──────── Exercise data

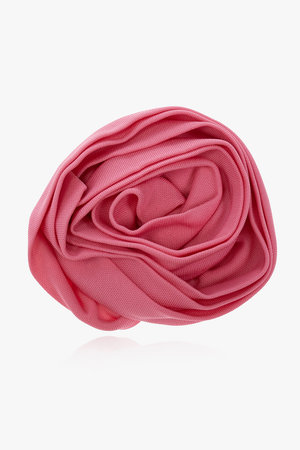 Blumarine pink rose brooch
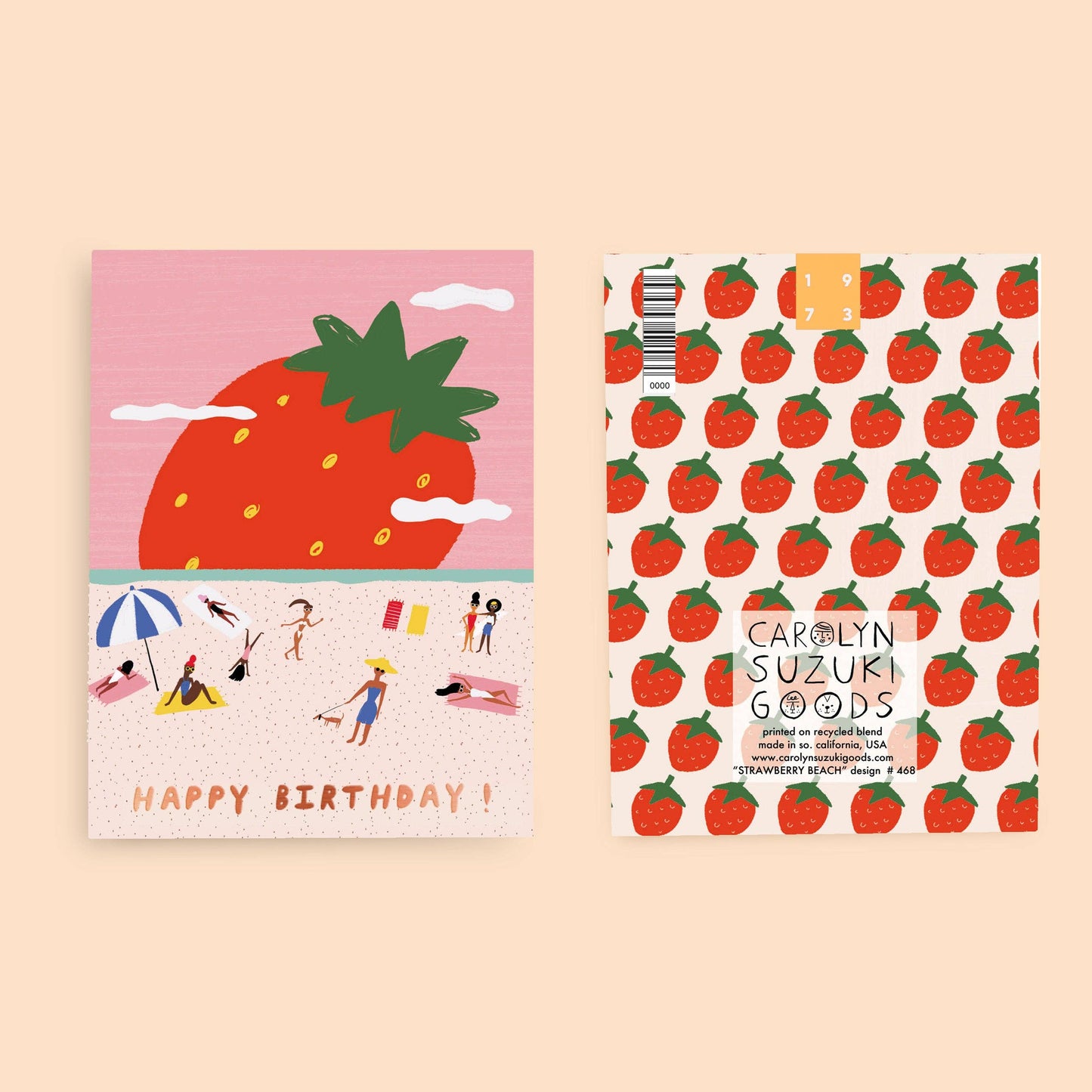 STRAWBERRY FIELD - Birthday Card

────────────────
──────── Exercise data

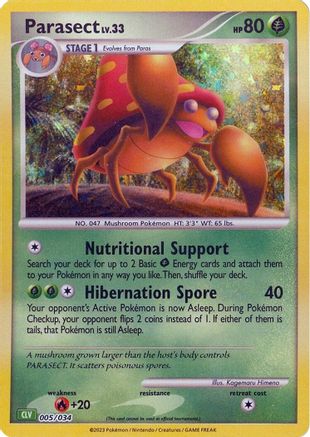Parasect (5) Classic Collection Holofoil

────────────────

Please output, exactly as written, the lines above from the one holding "Blumarine pink rose brooch" through the one holding "STRAWBERRY FIELD - Birthday Card", both included, with the pictures omitted.

 Blumarine pink rose brooch
 STRAWBERRY FIELD - Birthday Card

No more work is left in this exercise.